**Your goal**
Please set down, unchanged, each line from the one with "W4948 Mark Pl, Shelby, WI 54601" to the final line of the data below, both included. Drop the pictures.

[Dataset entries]
■ ■ ■ ■ ■ ■ ■

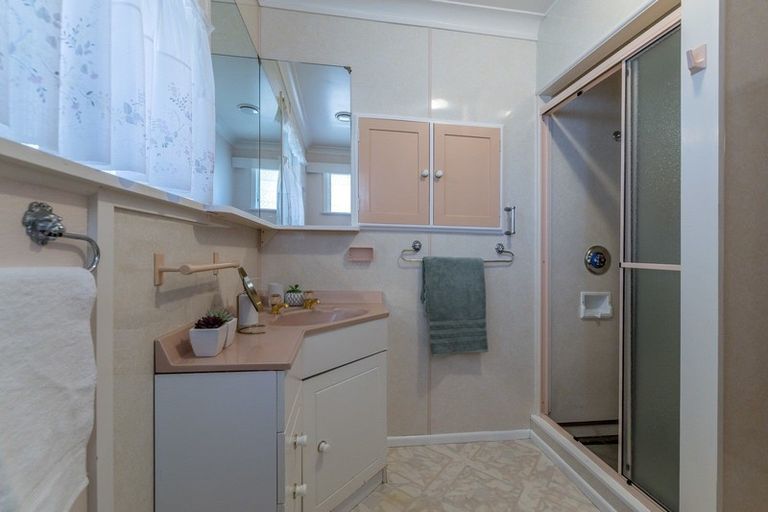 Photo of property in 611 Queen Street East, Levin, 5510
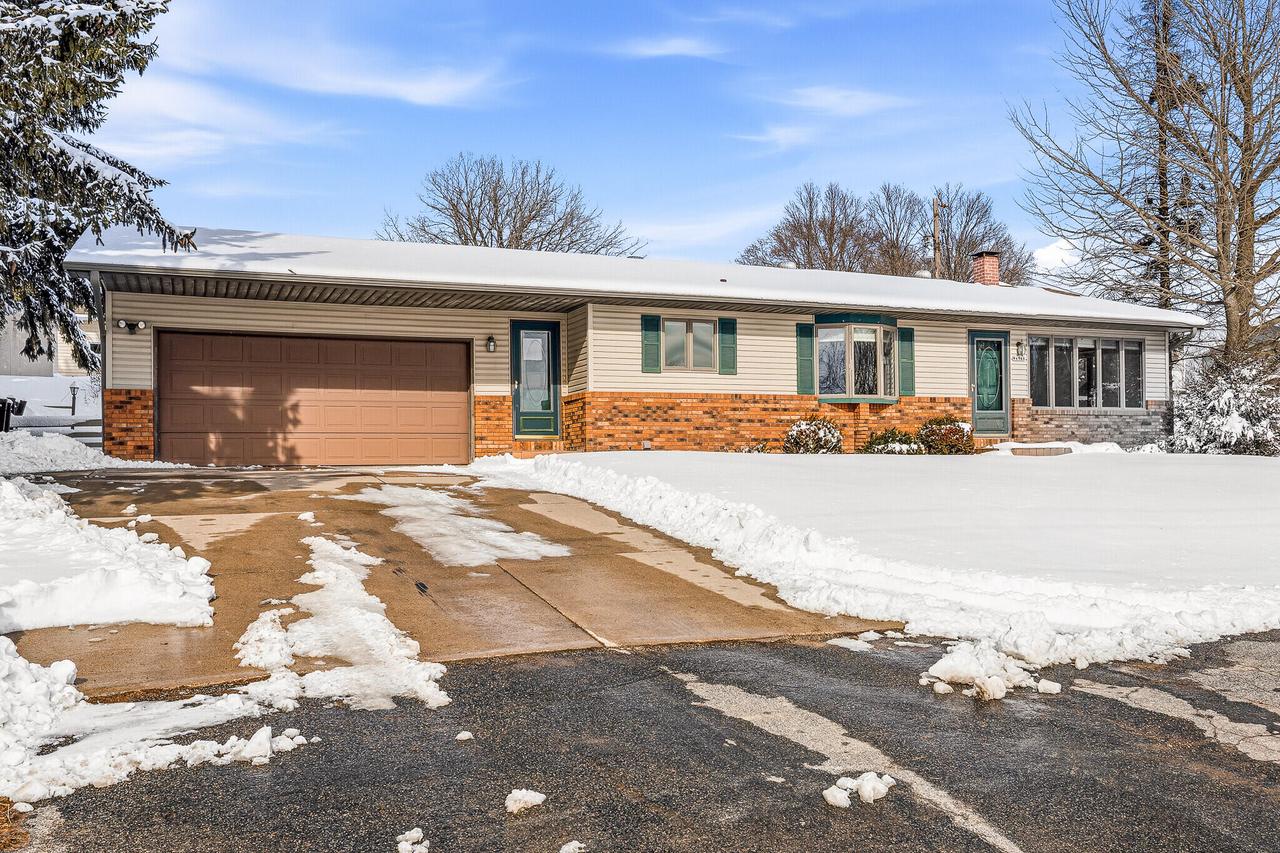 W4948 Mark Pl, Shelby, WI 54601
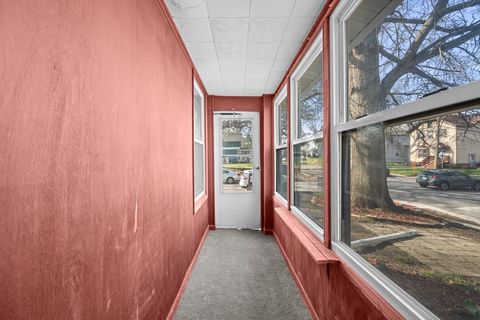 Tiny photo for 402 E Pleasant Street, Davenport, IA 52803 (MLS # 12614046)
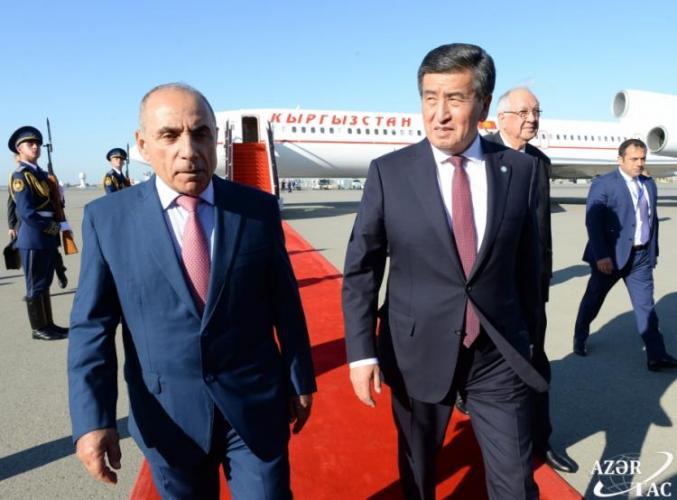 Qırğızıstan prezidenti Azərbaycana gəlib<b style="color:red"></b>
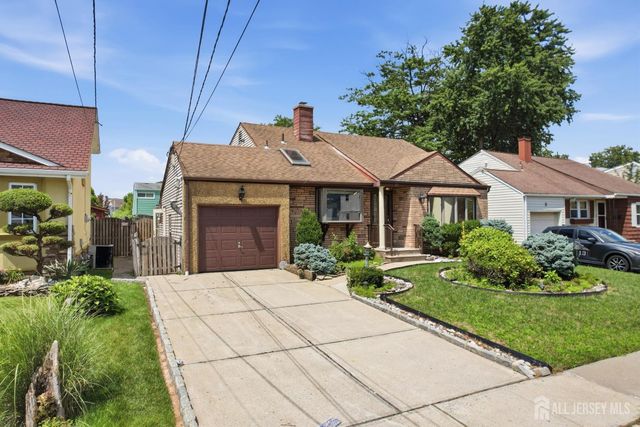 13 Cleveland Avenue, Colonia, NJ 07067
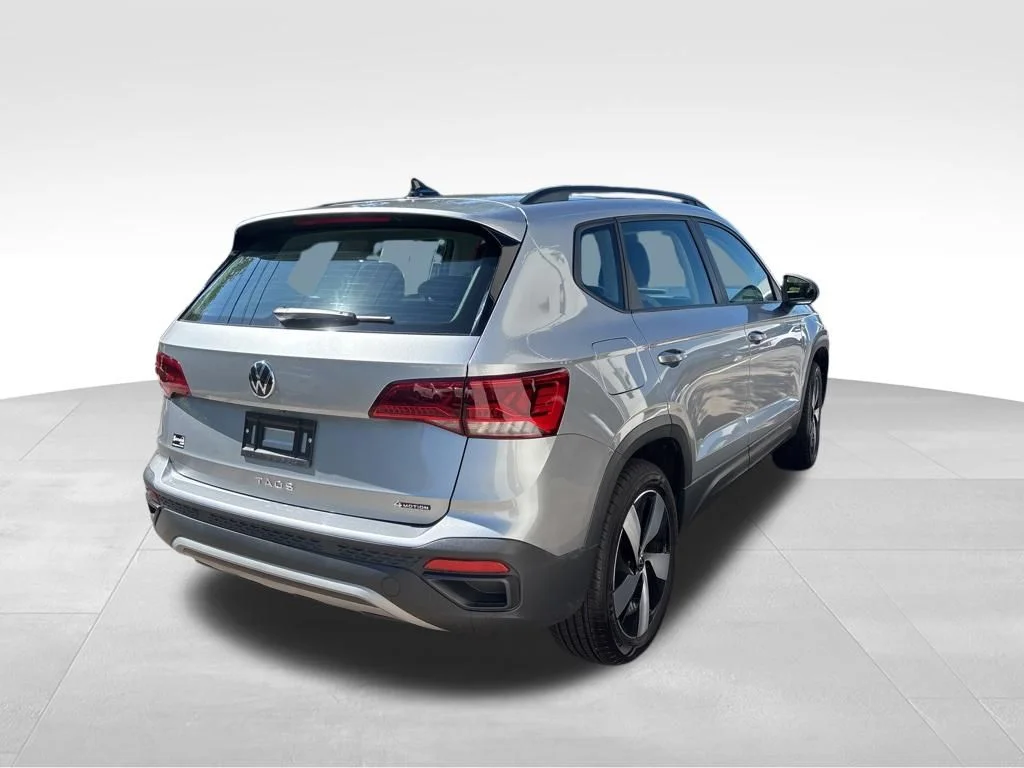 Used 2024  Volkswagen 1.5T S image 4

■ ■ ■ ■ ■ ■ ■

**Exercise result**
 W4948 Mark Pl, Shelby, WI 54601
 Tiny photo for 402 E Pleasant Street, Davenport, IA 52803 (MLS # 12614046)
 Qırğızıstan prezidenti Azərbaycana gəlib<b style="color:red"></b>
 13 Cleveland Avenue, Colonia, NJ 07067
 Used 2024  Volkswagen 1.5T S image 4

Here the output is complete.